10B.2 Skillful North American Temperature and Precipitation Forecasts for Weeks 3 and 4 Conditioned on the ENSO and MJO Base State

Wednesday, 13 January 2016: 4:15 PM
La Nouvelle A ( New Orleans Ernest N. Morial Convention Center)
Daniel S. Harnos, Innovim/NOAA/NWS/NCEP/CPC, College Park, MD; and N. Johnson, M. L'Heureux, and S. Baxter

A gap currently exists between official NOAA Climate Prediction Center (CPC) products between the 2-week extended range forecasts and monthly outlooks. Forecasts within this period, covering weeks 3 and 4, are traditionally difficult as sources of forecast skill are unclear due to insufficient time for boundary conditions to take hold while model initialization errors become substantial. CPC is currently exploring filling this gap through issuing experimental outlooks for Weeks 3 and 4 beginning in September 2015.

This work builds upon previous work that developed wintertime North American 2-meter temperature forecasts for Weeks 3 and 4 conditioned on the initial state of the El Niņo-Southern Oscillation (ENSO), Madden-Julian Oscillation (MJO), and linear long-term trend. Although this previous work revealed that substantial regions of North America were able to experience skillful temperature forecasts conditioned on the ENSO and MJO base states during the winter, it remained unknown if such skill would extend to other seasons or to precipitation.

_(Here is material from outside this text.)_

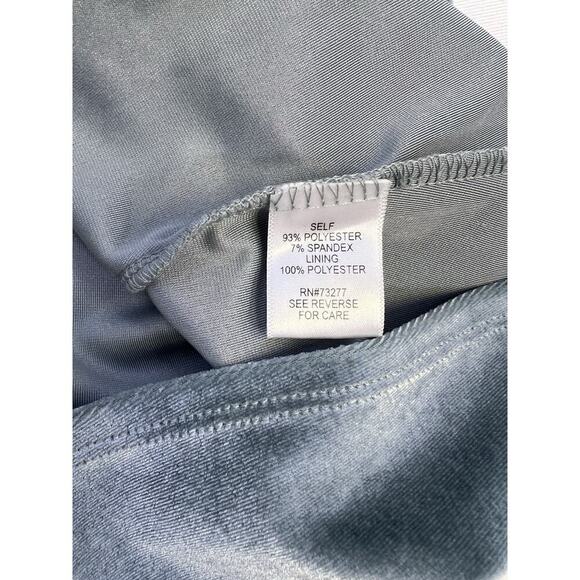 Dusty Blue Velvet Peasant Prairie Fairy Square Neck Puff Sleeved Mini Dress XS - Picture 12 of 12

This presentation details forecasts conditioned on the ENSO and MJO base state across 12 running 3-month periods for both 2-meter temperature and precipitation. The results reveal that skill in both forecast variables extends across different combinations of initial states and periods for certain regions. Temperature signals are generally more skillful than those seen for precipitation. Summertime patterns also suggest that the influence of ENSO on North American temperature at leads of 3-4 weeks may be greater than initially thought during this season.